Trace elements and boron isotopes were measured in four specimens of the deep-sea coral Flabellum, retrieved live from the Ross Sea and offshore Bouvet Island at depths ranging between 390 and 760m. The specimens were sub-sampled along the growth axis and analysed using both quadrupole and MC-ICPMS methods.
The temperature-sensitive elements (Li/Mg and Sr/Ca) and the boron isotope (11B) pH proxy show a consistent pattern between different transects within each specimen, with excellent reproducibility, suggesting minimal influence from ‘vital effects’. Both the Li/Mg-derived temperatures and the 11B-derived pH of the younger portion of the corals are consistent with in-situ instrumental values. Importantly, these corals record a general trend of decreasing pH over the past few decades, as well as both warming and cooling trends which depend on the ambient water masses (High Salinity Shelf Water vs. Circumpolar Deep Water).

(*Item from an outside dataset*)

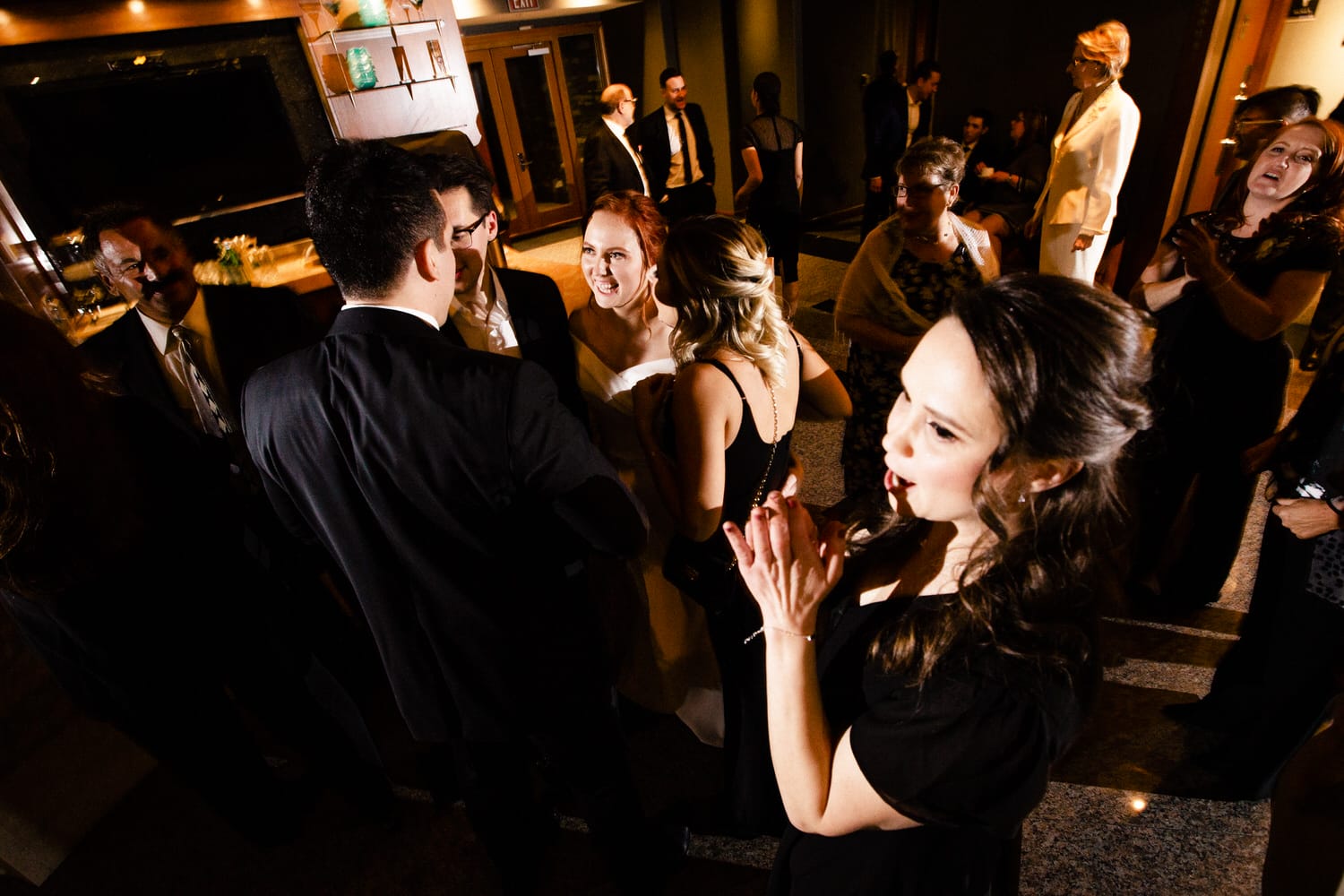 A lively group of elegantly dressed people engaging in conversation and celebration at a social event.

Specific geochemical signals encoded in the aragonite skeleton of the Antarctic corals are shown to be robust proxies for the physical and chemical properties of the water masses in which the corals grew. In particular, the Li/Mg and boron isotopic composition of the coral Flabellum vary with temperature and pH respectively, providing a new tool to reconstruct the variability of these key parameters in deep water environments.